## Activity:
Of the material below, only the lines from the line containing "2015 Maruti Swift" down to the line containing "Gök Girsin Kızıl Çıksın ürün görseli" belong in the answer, written out exactly.

** Records follows **

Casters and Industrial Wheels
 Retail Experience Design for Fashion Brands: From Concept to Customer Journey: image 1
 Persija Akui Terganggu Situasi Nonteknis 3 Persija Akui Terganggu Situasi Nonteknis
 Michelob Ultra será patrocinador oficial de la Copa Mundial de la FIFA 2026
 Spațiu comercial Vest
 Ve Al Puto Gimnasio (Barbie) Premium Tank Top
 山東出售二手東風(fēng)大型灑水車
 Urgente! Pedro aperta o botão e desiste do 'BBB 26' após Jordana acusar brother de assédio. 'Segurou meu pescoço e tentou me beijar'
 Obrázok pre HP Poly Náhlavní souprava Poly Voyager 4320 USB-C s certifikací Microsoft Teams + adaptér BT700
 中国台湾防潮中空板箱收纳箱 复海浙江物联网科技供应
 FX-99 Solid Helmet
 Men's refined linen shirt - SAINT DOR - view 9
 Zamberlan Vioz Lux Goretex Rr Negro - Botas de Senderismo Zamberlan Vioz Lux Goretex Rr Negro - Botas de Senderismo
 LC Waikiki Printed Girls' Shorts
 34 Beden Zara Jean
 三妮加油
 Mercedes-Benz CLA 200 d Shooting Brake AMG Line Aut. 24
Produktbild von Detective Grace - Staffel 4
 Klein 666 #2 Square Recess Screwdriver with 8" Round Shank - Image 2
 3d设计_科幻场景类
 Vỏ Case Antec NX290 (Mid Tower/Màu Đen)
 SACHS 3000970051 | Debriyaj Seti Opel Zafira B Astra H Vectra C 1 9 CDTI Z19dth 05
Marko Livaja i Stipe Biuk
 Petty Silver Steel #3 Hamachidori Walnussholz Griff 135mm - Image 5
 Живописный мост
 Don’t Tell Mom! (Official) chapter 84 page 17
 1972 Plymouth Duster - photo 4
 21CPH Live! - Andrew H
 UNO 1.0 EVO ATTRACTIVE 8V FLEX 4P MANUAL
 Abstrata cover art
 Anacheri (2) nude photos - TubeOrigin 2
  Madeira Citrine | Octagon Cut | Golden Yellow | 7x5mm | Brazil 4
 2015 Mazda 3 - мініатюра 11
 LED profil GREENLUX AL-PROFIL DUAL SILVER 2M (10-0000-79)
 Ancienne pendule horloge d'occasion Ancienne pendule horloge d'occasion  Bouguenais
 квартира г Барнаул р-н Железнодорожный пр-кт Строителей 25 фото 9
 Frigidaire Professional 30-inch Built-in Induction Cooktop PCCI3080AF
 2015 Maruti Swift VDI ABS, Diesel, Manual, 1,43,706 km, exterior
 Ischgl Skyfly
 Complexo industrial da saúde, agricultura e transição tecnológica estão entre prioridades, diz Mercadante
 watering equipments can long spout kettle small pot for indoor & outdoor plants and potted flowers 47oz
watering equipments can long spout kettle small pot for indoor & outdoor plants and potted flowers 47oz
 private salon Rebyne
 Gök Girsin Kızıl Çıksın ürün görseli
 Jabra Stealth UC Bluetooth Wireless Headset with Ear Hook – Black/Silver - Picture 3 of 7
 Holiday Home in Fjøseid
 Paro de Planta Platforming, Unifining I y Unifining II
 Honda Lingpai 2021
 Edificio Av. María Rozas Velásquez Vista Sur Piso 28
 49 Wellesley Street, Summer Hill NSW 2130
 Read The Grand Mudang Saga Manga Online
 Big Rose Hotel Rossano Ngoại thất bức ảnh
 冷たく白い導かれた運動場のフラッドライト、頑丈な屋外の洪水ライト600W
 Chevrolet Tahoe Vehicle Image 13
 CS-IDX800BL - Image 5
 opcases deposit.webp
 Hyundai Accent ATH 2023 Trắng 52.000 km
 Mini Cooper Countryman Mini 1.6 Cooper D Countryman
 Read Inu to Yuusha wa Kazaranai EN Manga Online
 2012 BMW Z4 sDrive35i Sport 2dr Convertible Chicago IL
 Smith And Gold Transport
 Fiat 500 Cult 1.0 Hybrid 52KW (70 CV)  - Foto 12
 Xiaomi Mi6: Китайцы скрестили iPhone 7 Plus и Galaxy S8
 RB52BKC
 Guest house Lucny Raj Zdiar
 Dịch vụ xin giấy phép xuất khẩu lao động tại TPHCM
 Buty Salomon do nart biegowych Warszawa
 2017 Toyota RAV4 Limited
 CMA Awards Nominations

** End of Records **

## Your solution:
 2015 Maruti Swift VDI ABS, Diesel, Manual, 1,43,706 km, exterior
 Ischgl Skyfly
 Complexo industrial da saúde, agricultura e transição tecnológica estão entre prioridades, diz Mercadante
 watering equipments can long spout kettle small pot for indoor & outdoor plants and potted flowers 47oz
watering equipments can long spout kettle small pot for indoor & outdoor plants and potted flowers 47oz
 private salon Rebyne
 Gök Girsin Kızıl Çıksın ürün görseli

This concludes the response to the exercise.